Members

USC Scientific Support Group – Overview

 

Objective

Support the SDAG by providing sound scientific advice on assessing needs and options for achieving nonpoint source load reductions, substantiating management measures and evaluating the effectiveness and costs of the measures that may be implemented to reduce nutrient and sediment loads.

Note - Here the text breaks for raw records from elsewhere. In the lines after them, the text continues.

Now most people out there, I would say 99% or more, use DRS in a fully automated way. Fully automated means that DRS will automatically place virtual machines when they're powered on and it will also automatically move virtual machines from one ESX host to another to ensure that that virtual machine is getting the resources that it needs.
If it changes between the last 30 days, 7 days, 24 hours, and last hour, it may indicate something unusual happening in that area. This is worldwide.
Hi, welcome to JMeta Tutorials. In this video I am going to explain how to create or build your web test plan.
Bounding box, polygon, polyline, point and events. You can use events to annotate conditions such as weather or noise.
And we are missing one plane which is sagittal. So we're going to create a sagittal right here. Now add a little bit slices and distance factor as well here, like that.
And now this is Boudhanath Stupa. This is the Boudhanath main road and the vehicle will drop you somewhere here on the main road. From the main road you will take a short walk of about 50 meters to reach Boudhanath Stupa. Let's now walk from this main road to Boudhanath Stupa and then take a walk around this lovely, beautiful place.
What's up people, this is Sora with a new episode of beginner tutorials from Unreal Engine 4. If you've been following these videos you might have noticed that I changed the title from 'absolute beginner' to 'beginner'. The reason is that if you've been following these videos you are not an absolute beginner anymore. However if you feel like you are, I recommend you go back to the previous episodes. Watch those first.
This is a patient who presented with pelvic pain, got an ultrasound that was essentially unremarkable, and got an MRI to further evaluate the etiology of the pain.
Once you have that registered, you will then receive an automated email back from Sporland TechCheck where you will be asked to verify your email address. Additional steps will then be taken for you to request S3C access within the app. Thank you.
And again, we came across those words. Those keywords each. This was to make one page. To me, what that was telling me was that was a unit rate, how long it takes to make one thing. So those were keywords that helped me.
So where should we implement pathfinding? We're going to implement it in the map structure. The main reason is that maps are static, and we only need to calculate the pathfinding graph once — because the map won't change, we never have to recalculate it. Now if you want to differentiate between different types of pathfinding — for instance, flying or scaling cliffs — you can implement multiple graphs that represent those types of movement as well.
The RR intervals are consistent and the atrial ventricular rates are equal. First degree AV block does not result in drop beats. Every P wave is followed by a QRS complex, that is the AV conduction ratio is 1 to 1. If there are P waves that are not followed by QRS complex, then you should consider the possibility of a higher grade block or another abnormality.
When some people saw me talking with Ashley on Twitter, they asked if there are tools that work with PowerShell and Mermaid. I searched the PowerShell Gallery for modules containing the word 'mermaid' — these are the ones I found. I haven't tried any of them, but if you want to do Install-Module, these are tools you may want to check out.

Charge to the group by NYS DEC to support their Tributary Strategy efforts

  1. Review the CBP watershed model to identify how it portrays conditions in New York that affect the generation of nutrient and sediment loads, and recommend how more accurate baseline information would alter the load estimates.
  2. Work with the OSG to recommend practical procedures for gathering more accurate local information for input to the CBP watershed model and to guide local actions.
  3. Review updates to the CBP watershed model and recommend refinements that would more accurately reflect load generation and transport in New York .
  4. Evaluate the management practices recognized in the CBP watershed model and provide guidance on applicability to New York conditions, and ancillary local benefits beyond nutrient and sediment reduction.
  5. Review previous and ongoing water quality monitoring, and advise on how monitoring should be enhanced to better define sources of nutrients and sediments, and estimate loads.
  6. Develop a strategy for defining return on investment starting with information on how local site conditions affect the costs attributed to practices by the CBP.
  7. Recommend procedures for targeting where specific practices would be most cost-effective given a suite of local site conditions.
  8. Provide technical support to the NYSDEC in gaining CBP acceptance for additional, innovative practices that are well suited to conditions in the watershed.

 

Timeline suggested by NYS DEC:

  • Provide review of final tributary draft by end of June 2006
  • Develop public meeting times/agenda for Summer 2006
  • Review and comment on draft Tributary Strategy within 60 days of DEC release (October 2006).

     

USC Approach :

1. There are three major “clusters” of scientific support of the Tributary Strategy:

  • modeling to provide support for understanding nutrient and sediment fluxes through the basin and tracking implementation
  • monitoring to determine WQ levels and track implementation efforts,
  • BMP reviews to determine the best mix of implementation efforts that meet NY State and County objectives (cost effectiveness, multiple benefits, local and state needs)

2. These three clusters are being developed through three concurrent Tracks:

Track 1 accomplishes CBP requirements for development of a Tributary Strategy; USC is the primary lead.

  • Collect data (extensive and intensive) to serve all planning needs
  • Review CBP Watershed Model and CBP Watershed data to increase the reliability of model and data deck for NY
  • Develop tributary strategy scenarios (with NYS DEC) using CBP protocols
    • Agricultural BMP brainstorming–
      • Develop a complete list of BMPs that might be used by NY farmers, including new BMPs not included in CBP Watershed Model, consider:
        1. efficiency
        2. cost
        3. longevity
        4. operational or management difficulty
      • Can we account for nutrient reductions from Precision Feeding for NY, including an analysis of manure to provide a different N and P percent in manure rather than those used by CBP Watershed Model?
    • Stormwater reductions – what stormwater operations will result I reduction credits?
    • Point Source reduction potential – NYS DEC will lead the work in developing a reduction strategy for STPs and other SPDES permit holders
    • Other nutrient/sediment sinks that may help strategy development (e.g., forest/wetland)

 

Track 2 will provide direct long-term support of Tributary Strategy efforts; USC supports these efforts and may be involved, but other partners will likely be the lead.

  • Support of other modeling efforts beyond CBP Watershed Model to maximize efficacy of Tributary Strategy development
  • Support monitoring efforts and developing an efficient monitoring effort to track long term trends in NY
  • Develop new nutrient and sediment reduction practices to add to the Strategy portfolio
  • Study of BMP efficiencies (both in a reduction sense and in an operational sense) to help streamline the Tributary Strategy

 

Track 3 provides long-term information development over more generalized topics; USC provides support as appropriate, but by and large other partners are the lead.

  • Support research facilities, universities and others to help provide specific and overall information: SUNY Oneonta Biological Field Station, BU Center for Integrated Watershed Studies, The North American Nitrogen Center at Cornell, Proposed Susquehanna River Hydrological Observatory.
  • Request information and support initiatives on such topics as:
    • Forests and atmospheric deposition, including such question as “what stage of forest growth and what type of forest is N sequestration the highest?
    • What I s the nutrient sink potential of land uses such as wetlands or forests? Could certain land used types be exploited?
    • With forest being the largest single land use, are forestry operations adequately understood?
    • Are rainfall differences in the basin adequately taken into account in relation to nutrient and sediment runoff?
    • Are road systems adequately being addressed considering there are more miles of road ditches in the basin than stream miles?
  • Pilot intensive modeling/data analysis in subwatersheds, starting with an HSPF analysis of the Catatonk by the NYS Water Resources Institute.